В любом случае в этом вихре притяжений и отталкиваний вокруг Розанова, так или иначе ставшего ключевой фигурой новой литературной эпохи, в последнее время появились имена и более радикальные, и более любопытные, чем Пьецух с его самым ранним и самым «демократическим» оттиском с розановского оригинала. Например, Дмитрий Галковский.
Любопытно, однако, что именно в этот момент с лирическим героем Пьецуха происходит неприятная вещь. Он вдруг меняет тихий голос «маленького» человека то ли на сочный бас светского льва, то ли на рокочущий баритон клубного завсегдатая и словно забывает о том, что по обязанности должен нести «милую чушь». Акакий Акакиевич Башмачкин, откушав чаю с баранками, не развалился на диване, а надел калоши и новую шинель (купил намедни) и отправился в салон Анны Павловны Шерер поболтать о судьбе России. И, конечно, теперь потребовал, чтобы его приняли с парадного.
Пьецух постепенно стал работать не приемом, а смыслами. Между тем, именно однажды удачно найденный прием и был единственным достижением его игровой прозы. Рассказ «Центрально-Ермолевская война» — своего рода «классика» этого автора. Анекдот, возможно вычитанный из газет — странная вражда двух деревень — наложенный на сюжет гоголевской вещи об Иване Ивановиче и Иване Никифоровиче, потому и обнаруживал свой смысл, что не был придуман писателем, который всего лишь любовно совместил Жизнь и Литературу, не насилуя ни первую, ни вторую. Уже в романе-фантазии «Роммат» Пьецух идет на произвол и переписывает историю декабристов. Они не проиграли,
«Пивоваров гаркнул, напустил в глаза несколько искусственную, а потому особо страшную лютость и, резко взмахнув ружьем, всадил штык в грудь Николаю Павловичу, — император покачнулся и обомлел… Унтер-офицер Пивоваров для верности пхнул штыком еще и в основание черепа, — Николай Павлович дернулся и примолк… К полудню все было кончено. Московец Красовский в пять минут первого подошел к Бестужеву и сделал под козырек.
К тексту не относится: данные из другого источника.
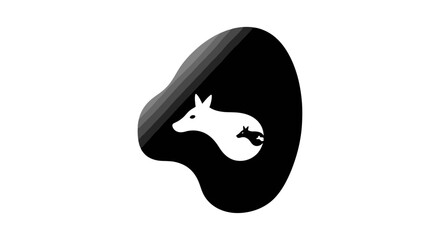 Negative space logo design with hidden shape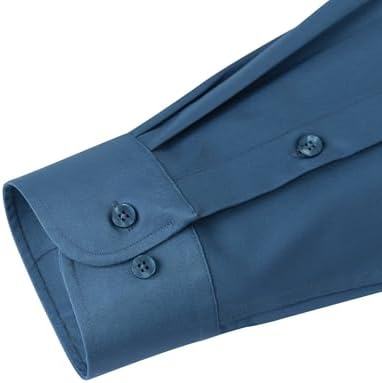 J.VER Men's Dress Shirts Solid Long Sleeve Stretch Wrinkle-Free Formal Shirt Business Casual Button Down Shirts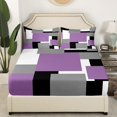 thumbnail image 3 of Erosebridal Purple Geometric Queen Sheet Sets, Rectangle Bedding Queen Size, Abstract Room Decor 4pcs, 3 of 7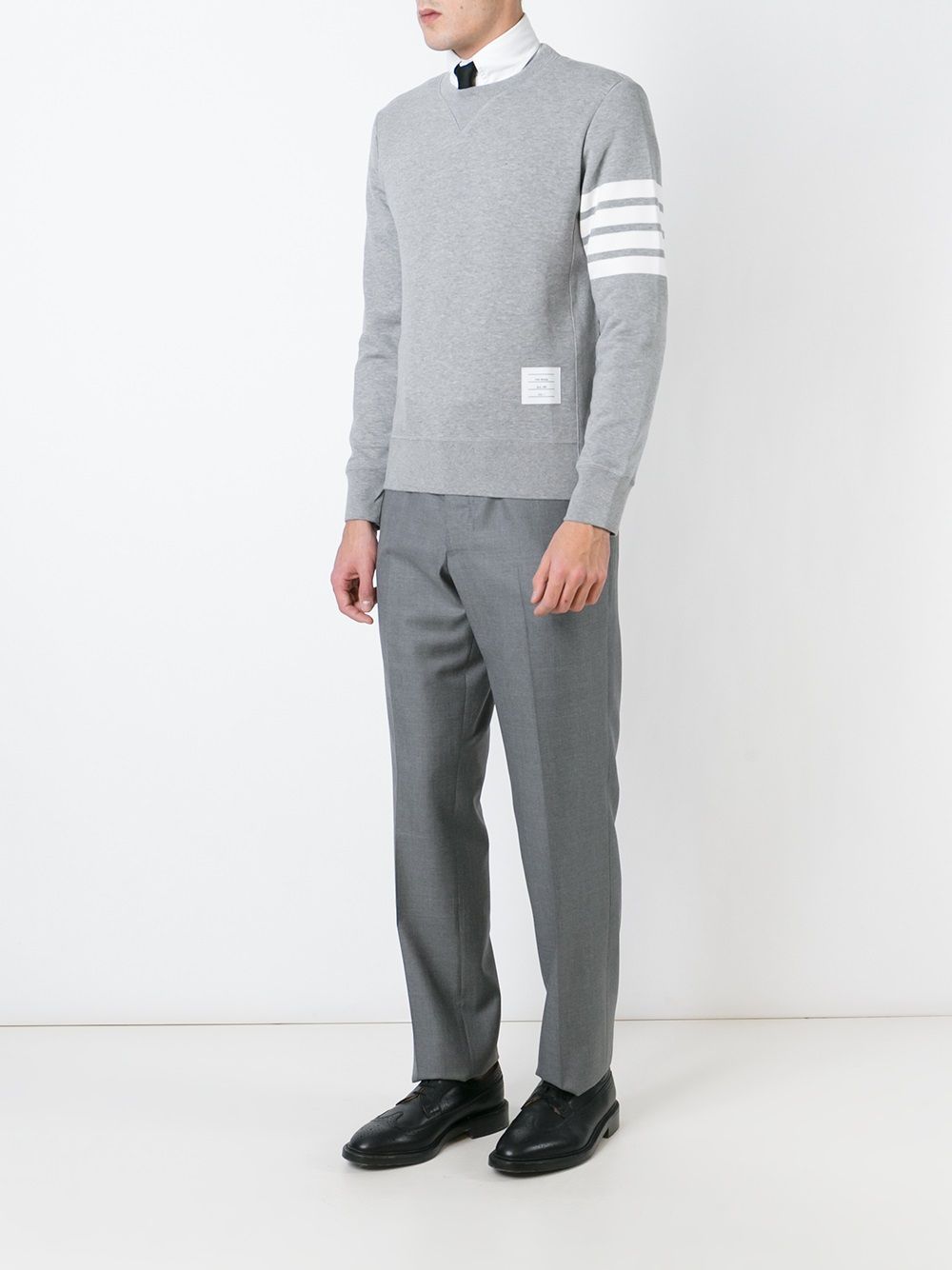 Thom Browne Cotton Crewneck Sweatshirt Light Grey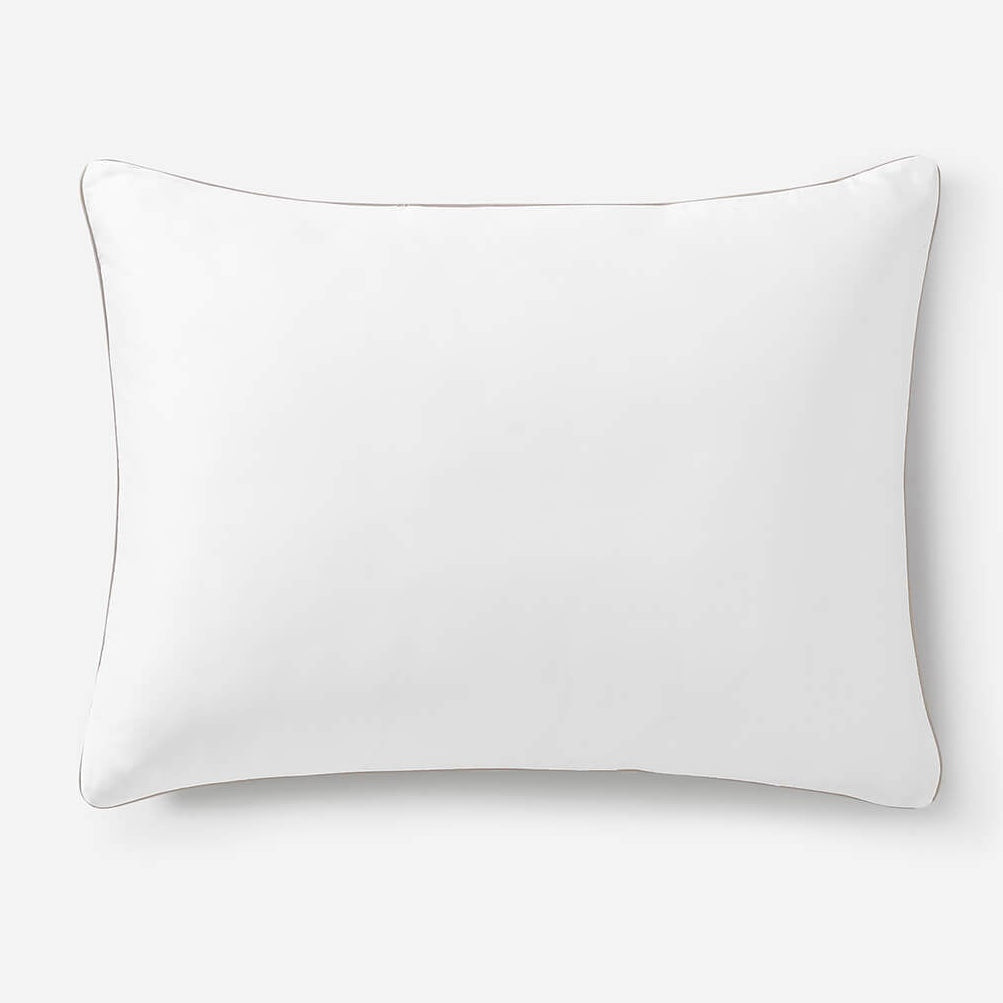 Sunday Citizen White Luxe Bamboo Sham Set with Taupe Piping ~ Available in King and Standard Sizes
— Ну что, Красовский? — спросил Бестужев.
— Готово дело! Как мы их, ваше благородие! Под корень, едрена мать!»
В чем же существо «историософии» Пьецуха, которую он с доверчивостью неофита начинает тащить во все свои сочинения и, наконец, шквалом обрушивает в публицистику? Однажды Акакий Акакиевич достал с полки книгу Чаадаева и вычитал, что вот-де мы рождены для того, чтобы преподать цивилизованному миру какой-то исторический урок. «Ах я, Аким-простота!» — вскричал бедный чиновник, и разум его помутился. Кажется, тогда-то он впервые и потянулся за калошами и шинелькой.
Когда Пьецух сообщил нам об «историческом уроке» первый раз, было еще ничего, сносно. Ну, прочитал Чаадаева, с кем не бывает. Когда он это повторил, все улыбнулись и промолчали. В третий раз на кого-то напала тихая тоска. В четвертый…
В повести Пьецуха «Четвертый Рим» нет уже ни приема, ни смысла. Впрочем, нет и «милой чуши», которая отличала его лирического персонажа прежде. Есть не слишком занимательный бред (впрочем, все еще не лишенного таланта человека, который почему-то уверен, что писать необходимо даже тогда, когда писать совершенно не о чем).
Мысль о том, что коммунистический режим в России есть новый опыт «Третьего Рима», или «Четвертый Рим», изжевана и выплюнута лет пятьдесят тому назад. Серьезные историки не принимают во внимание эту бердяевскую идею, высказанную им в не самой лучшей, но, увы, самой известной работе «Истоки и смысл русского коммунизма». Что же касается, допустим, ее художественной занимательности… Судите сами:
«Поскольку всякий Рим может существовать только в постоянном противоборстве, как только в непрестанном движении могут существовать космические тела, постольку ему всегда требуется действительный или вымышленный противник, в той или иной степени супостат».
«Четвертый Рим, несмотря на всемирность своей идеи, был обречен почти исключительно на внутреннюю войну по скудости материальных возможностей, глухой периферийности и чисто русскому домоседству».
«Между тем социалистический идеал в принципе достижим, и даже без особенной мороки достижим, без жертв, обмана и безобразий; в нашем, российском случае для этого потребовалось бы сто пятьдесят лет кондового капитализма».
Как это мило, как свежо…
Я не решусь предсказать судьбу писателя Пьецуха, просто не имею на это морального права. Но вот будущее его лирического героя я вижу вполне отчетливо. Пустота обладает коварным свойством: она бесконечна. Ее нельзя заполнить ничем, никакой «милой чушью», никаким «постмодернизмом», никакой болтовней, даже никаким талантом. Однажды она пожирает человека изнутри без остатка.
И тогда пророческой оказывается не красивая мысль Чаадаева, которая в отдельности от его судьбы ничего не стоит, а грустная и знакомая чуть не с детства картина Павла Федотова. Серые стены, низкий потолок, неприбранная постель, тусклый зимний свет в окошке. На постели отчаявшийся маленький человек забавляется с собачкой, приказывая ей прыгать через трость.